▶ _Prompt_
Please keep to the lines below from the one with "Тормозной диск ZIMMERMANN" through the one with "Vector damask seamless", and restate them word for word, ends included.

-- Supplied records follows --

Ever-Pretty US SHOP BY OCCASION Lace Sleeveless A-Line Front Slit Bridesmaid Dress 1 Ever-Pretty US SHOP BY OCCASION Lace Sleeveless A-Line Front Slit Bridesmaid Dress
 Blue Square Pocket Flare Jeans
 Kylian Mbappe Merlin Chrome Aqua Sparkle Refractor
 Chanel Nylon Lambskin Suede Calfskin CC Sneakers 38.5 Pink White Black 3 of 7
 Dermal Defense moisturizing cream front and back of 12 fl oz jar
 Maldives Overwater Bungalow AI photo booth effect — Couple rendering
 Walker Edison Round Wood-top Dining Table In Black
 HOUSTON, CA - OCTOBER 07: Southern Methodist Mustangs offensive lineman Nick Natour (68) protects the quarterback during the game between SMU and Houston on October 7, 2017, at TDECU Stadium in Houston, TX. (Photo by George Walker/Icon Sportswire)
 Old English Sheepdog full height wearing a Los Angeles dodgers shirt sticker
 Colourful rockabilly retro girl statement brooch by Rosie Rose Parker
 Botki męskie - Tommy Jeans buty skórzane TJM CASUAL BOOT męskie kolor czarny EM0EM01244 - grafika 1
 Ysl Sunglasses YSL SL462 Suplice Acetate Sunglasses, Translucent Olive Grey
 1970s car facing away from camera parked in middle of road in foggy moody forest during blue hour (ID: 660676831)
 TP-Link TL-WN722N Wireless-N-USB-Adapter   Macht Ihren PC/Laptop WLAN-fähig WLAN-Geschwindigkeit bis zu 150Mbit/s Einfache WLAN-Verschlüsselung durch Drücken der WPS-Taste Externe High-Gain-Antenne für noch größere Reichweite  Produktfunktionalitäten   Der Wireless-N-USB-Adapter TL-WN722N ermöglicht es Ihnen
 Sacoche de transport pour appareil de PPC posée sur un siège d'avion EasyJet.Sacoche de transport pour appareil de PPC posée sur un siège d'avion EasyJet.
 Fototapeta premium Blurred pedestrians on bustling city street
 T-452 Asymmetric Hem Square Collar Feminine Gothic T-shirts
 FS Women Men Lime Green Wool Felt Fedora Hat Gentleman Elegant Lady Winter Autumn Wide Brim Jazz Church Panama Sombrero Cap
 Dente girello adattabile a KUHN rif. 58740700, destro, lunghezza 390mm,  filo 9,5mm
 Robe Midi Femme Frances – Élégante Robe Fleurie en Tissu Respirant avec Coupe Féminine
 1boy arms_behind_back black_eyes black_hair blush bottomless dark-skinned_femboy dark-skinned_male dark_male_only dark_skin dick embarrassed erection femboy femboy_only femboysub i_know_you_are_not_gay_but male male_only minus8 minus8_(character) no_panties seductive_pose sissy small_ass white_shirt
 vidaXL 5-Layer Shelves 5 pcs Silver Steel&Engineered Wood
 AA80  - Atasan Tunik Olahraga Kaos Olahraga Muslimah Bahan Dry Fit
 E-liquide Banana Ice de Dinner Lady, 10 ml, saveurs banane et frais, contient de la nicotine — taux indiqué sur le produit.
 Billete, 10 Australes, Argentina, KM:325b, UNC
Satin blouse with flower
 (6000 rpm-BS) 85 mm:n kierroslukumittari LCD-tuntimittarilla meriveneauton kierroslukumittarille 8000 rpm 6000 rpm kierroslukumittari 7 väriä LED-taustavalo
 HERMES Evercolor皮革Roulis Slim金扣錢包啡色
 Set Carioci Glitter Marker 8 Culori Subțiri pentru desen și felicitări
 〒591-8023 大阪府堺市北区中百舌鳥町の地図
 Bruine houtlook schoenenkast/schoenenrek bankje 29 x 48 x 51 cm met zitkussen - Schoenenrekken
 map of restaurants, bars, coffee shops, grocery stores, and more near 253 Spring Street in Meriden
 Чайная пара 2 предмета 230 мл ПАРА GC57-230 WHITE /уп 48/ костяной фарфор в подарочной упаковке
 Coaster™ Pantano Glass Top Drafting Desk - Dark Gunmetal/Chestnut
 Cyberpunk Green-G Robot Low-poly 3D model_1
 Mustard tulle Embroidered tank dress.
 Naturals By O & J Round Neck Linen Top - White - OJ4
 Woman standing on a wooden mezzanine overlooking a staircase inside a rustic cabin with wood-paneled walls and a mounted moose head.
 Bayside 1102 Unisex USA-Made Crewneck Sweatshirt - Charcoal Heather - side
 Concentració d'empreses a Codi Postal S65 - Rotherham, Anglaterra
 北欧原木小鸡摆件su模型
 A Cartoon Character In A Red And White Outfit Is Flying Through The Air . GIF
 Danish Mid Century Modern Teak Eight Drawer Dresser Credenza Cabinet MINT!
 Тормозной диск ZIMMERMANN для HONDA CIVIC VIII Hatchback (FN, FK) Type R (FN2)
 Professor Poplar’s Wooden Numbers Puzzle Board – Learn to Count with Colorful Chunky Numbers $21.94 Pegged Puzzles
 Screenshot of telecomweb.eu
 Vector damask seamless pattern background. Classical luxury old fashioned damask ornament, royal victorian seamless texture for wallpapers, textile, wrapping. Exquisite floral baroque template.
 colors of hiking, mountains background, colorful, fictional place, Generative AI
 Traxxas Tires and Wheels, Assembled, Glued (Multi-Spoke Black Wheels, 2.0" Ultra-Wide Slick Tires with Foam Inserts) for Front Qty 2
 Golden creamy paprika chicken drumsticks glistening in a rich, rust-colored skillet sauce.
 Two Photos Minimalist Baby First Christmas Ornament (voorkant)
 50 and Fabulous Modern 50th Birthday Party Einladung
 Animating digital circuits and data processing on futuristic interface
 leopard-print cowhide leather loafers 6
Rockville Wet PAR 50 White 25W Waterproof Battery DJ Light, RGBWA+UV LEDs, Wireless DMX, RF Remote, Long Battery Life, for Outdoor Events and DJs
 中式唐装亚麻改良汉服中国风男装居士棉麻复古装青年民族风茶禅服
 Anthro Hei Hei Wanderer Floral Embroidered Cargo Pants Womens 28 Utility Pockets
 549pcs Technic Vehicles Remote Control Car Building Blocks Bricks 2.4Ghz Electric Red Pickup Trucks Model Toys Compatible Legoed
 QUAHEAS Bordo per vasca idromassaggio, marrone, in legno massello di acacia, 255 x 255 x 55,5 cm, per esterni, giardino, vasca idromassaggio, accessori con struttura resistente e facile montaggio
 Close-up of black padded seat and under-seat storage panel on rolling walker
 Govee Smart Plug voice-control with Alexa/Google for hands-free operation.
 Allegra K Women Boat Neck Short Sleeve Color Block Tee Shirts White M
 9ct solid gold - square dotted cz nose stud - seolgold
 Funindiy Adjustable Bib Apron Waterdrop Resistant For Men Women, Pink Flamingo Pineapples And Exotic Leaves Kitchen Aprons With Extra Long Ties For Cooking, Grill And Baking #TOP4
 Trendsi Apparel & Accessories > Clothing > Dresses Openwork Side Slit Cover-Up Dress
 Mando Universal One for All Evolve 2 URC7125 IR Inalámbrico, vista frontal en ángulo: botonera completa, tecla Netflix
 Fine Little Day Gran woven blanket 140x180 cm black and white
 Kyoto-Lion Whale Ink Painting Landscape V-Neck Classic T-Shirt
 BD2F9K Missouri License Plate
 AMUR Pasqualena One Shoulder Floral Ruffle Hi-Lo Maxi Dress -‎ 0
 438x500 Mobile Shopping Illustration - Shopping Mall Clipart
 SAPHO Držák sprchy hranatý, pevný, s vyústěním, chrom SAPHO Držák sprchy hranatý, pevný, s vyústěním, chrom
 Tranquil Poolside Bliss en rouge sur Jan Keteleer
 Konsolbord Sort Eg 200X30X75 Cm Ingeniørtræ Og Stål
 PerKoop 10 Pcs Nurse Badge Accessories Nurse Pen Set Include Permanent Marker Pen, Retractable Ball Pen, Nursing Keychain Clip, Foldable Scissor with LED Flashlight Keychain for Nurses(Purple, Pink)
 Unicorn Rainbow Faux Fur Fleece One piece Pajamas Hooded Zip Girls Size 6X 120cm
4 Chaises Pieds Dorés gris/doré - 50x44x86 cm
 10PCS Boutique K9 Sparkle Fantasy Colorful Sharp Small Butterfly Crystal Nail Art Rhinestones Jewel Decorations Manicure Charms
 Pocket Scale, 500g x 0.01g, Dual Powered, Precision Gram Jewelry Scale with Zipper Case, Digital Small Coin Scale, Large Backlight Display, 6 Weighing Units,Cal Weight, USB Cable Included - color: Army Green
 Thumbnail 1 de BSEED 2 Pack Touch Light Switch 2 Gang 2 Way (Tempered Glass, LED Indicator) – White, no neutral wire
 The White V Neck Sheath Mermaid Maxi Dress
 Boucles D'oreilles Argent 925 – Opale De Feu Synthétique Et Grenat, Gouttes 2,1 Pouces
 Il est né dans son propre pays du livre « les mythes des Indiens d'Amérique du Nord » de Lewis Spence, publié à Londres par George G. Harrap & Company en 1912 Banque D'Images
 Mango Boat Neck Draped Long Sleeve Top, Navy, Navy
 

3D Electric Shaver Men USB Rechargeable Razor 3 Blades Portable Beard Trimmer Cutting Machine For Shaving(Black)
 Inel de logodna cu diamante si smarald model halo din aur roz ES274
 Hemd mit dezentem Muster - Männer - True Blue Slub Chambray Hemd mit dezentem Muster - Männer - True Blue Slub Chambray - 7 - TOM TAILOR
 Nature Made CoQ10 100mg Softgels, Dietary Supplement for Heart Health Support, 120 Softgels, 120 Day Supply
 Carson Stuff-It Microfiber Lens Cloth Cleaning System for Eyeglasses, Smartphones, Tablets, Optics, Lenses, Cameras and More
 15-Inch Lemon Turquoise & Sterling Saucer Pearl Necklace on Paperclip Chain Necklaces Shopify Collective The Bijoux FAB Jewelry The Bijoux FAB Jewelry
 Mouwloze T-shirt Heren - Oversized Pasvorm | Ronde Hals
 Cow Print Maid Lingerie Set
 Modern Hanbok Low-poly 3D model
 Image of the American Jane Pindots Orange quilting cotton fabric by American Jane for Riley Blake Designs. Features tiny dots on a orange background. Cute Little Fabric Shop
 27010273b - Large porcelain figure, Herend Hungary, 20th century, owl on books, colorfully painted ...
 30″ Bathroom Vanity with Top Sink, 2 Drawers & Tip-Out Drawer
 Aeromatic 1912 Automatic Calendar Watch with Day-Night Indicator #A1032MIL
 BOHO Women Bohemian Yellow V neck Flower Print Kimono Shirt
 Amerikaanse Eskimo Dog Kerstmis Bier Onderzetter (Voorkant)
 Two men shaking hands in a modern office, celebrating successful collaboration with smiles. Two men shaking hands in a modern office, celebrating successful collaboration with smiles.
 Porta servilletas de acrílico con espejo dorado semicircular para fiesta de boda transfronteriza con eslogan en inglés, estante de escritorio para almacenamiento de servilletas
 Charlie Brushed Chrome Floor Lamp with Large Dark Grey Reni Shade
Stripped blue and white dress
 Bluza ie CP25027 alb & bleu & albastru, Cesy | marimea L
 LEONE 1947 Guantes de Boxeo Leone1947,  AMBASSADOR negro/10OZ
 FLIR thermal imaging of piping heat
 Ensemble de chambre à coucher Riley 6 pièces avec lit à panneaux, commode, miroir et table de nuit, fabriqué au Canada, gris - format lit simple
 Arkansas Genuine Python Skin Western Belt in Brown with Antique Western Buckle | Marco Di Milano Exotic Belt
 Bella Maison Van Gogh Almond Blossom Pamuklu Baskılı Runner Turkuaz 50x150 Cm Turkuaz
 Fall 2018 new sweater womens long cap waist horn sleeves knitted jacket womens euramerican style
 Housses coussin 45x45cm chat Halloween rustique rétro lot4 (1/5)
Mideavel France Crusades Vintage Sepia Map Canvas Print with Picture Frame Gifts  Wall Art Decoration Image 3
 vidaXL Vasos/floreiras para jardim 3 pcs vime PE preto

-- Supplied records concluded --

▶ _Response for this exercise_
 Тормозной диск ZIMMERMANN для HONDA CIVIC VIII Hatchback (FN, FK) Type R (FN2)
 Professor Poplar’s Wooden Numbers Puzzle Board – Learn to Count with Colorful Chunky Numbers $21.94 Pegged Puzzles
 Screenshot of telecomweb.eu
 Vector damask seamless pattern background. Classical luxury old fashioned damask ornament, royal victorian seamless texture for wallpapers, textile, wrapping. Exquisite floral baroque template.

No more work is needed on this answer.